A command injection vulnerability in Array Networks AG Collection safe entry gateways has been exploited within the wild since August 2025, in response to an alert issued by JPCERT/CC this week.
The vulnerability, which doesn’t have a CVE identifier, was addressed by the corporate on Could 11, 2025. It is rooted in Array’s DesktopDirect, a distant desktop entry resolution that enables customers to securely entry their work computer systems from any location.
“Exploitation of this vulnerability may enable attackers to execute arbitrary instructions,” JPCERT/CC mentioned. “This vulnerability impacts techniques the place the ‘DesktopDirect’ characteristic, which offers distant desktop entry, is enabled.”
The company mentioned it has confirmed incidents in Japan which have exploited the shortcoming after August 2025 to drop internet shells on prone units.
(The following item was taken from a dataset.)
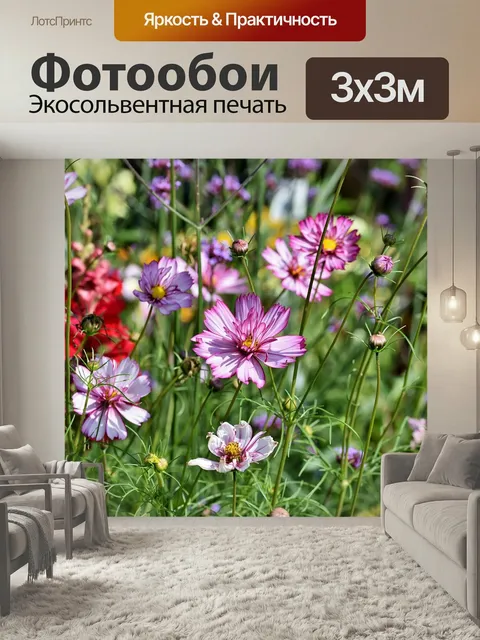 Фотообои Космея, цветочный луг, цветок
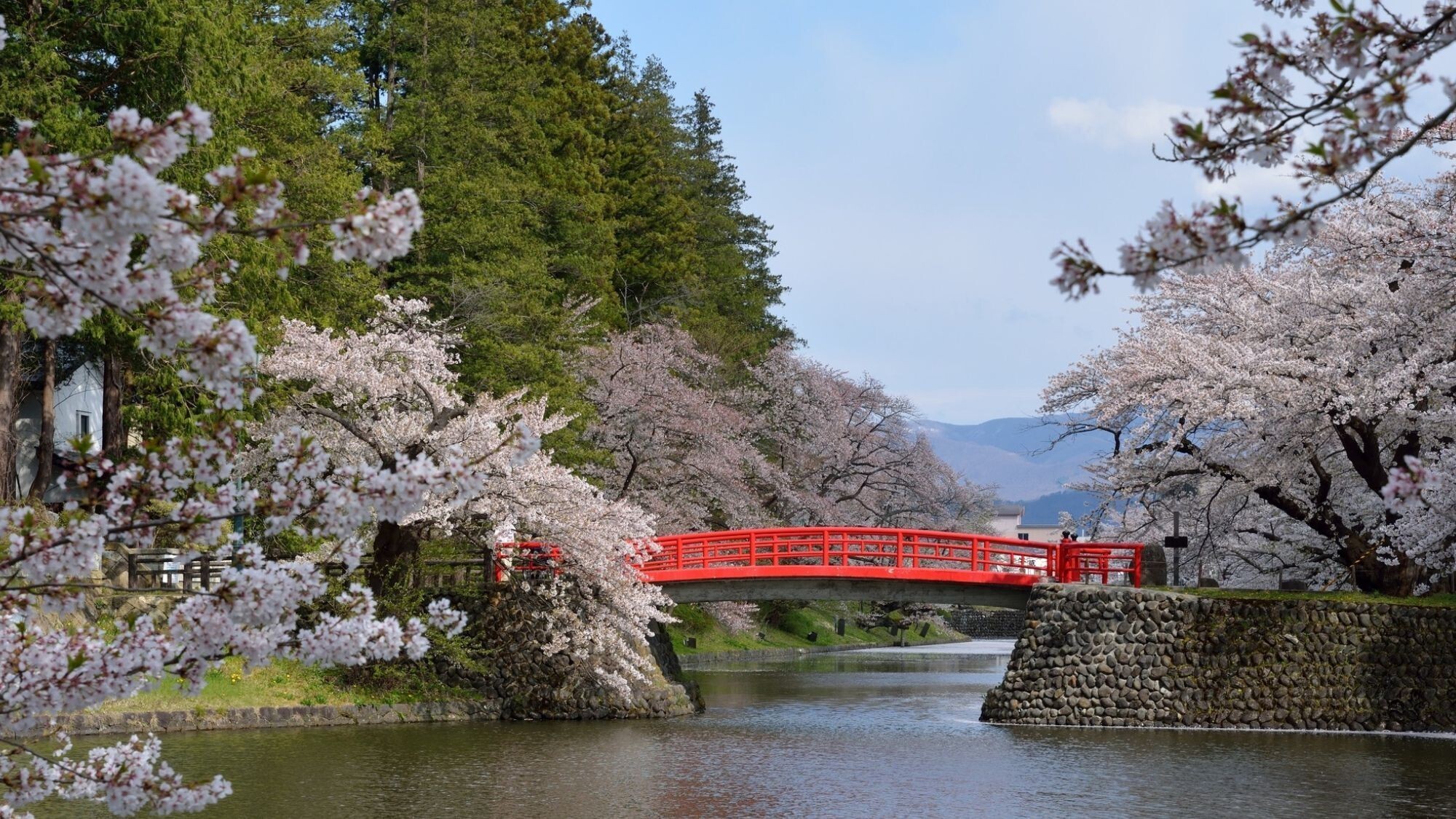 【周辺観光】松が岬公園・上杉神社＜春＞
The assaults have originated from the IP deal with “194.233.100[.]138.”
There are presently no particulars out there on the size of the assaults, weaponizing the flaw, and identification of the menace actors exploiting it.
Nevertheless, an authentication bypass flaw in the identical product (CVE-2023-28461, 9.8) was exploited final yr by a China-linked cyber espionage group dubbed MirrorFace, which has a historical past of focusing on Japanese organizations since a minimum of 2019. That mentioned, there isn’t a proof to recommend that at this stage the menace actor may very well be linked to the newest assault spree.
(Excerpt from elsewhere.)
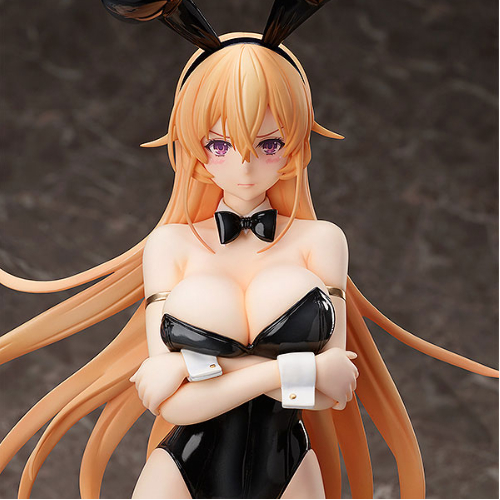 프링 1/4 식극의 소마 에리나 바니걸 미개봉 + 초마신 류진마루 부분 도색완성작 포함 총6종--1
The vulnerability impacts ArrayOS variations 9.4.5.8 and earlier, and has been addressed in model ArrayOS 9.4.5.9. Customers are suggested to use the newest updates as quickly as potential to mitigate potential threats. In case patching isn’t an instantaneous choice, it is really useful to disable DesktopDirect providers and use URL filtering to disclaim entry to URLs containing a semicolon, JPCERT/CC mentioned.